Same-sex marriage in Norway has been legal since 1 January 2009 when a gender-neutral marriage law came into force after being passed by the Storting in June 2008. Norway was the first Scandinavian country, the fourth in Europe, and the sixth country in the world to legalize same-sex marriage, after the Netherlands, Belgium, Spain, Canada, and South Africa.

Previously, from 1993 to 2008, Norway allowed same-sex couples to enter into registered partnerships, which provided virtually all the protections, responsibilities and benefits of marriage. Norway was the second country in the world to provide some form of recognition to same-sex couples, after Denmark.

Registered partnerships
Norway introduced same-sex registered partnerships on 1 August 1993. The law was introduced to the Storting on 11 January 1993 by the Ministry of Children and Family Affairs. It passed the lower house on 29 March, and the upper house on 1 April. King Harald V of Norway gave his royal assent on 30 April, and the law took effect on 1 August. Norway became the second country in the world to provide some form of recognition to same-sex couples, after Denmark which implemented a registered partnership law in 1989. Registered partnerships are known in Norwegian as  (), and in Northern Sami as  (). 

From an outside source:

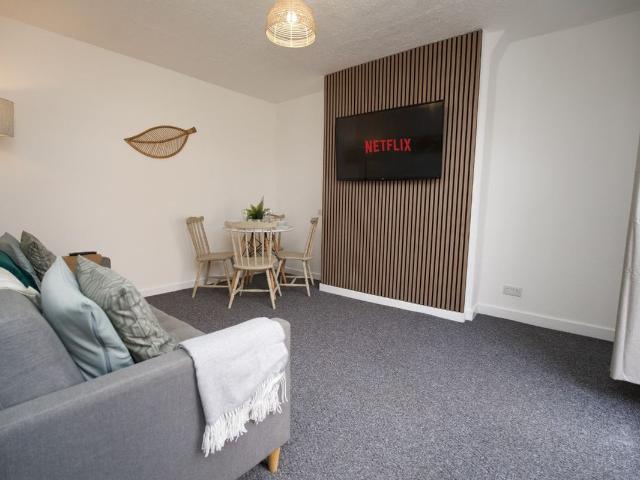 Coventry CV5, 3 bed flat to rent, £2,286 pcm | PrimeLocation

Registered partnerships were granted virtually all the protections, responsibilities and benefits of marriage, including arrangements for the breakdown of the relationship. Initially, the partnership law stated that registered partners could not adopt, and that only married couples or opposite-sex cohabiting couples could access artificial insemination. In June 2001, however, the Storting approved a bill allowing registered partners to adopt their partner's children (i.e. stepchild adoption). The amendment took effect on 1 January 2002. One of the more notable people to enter into a registered partnership was former Finance Minister Per-Kristian Foss.

On 1 January 2009, the ability to enter into a registered partnership was closed off. Couples may retain their status as registered partners or convert their union into a marriage.

Statistics
From 1993 to 2008, 1,485 partnerships between men and 1,233 partnerships between women were registered in Norway.

Same-sex marriage

A bill was proposed on 18 November 2004 by two MPs from the Socialist Left Party to abolish the existing registered partnership law, and make the marriage law gender-neutral. The move was withdrawn and replaced by a request that the cabinet further investigate the issue. The Conservative cabinet of that time did not look into the issue. However, the Stoltenberg's Second Cabinet announced a common, unified marriage act as part of its foundation document, the Declaration of Soria Moria. A public hearing was opened on 16 May 2007.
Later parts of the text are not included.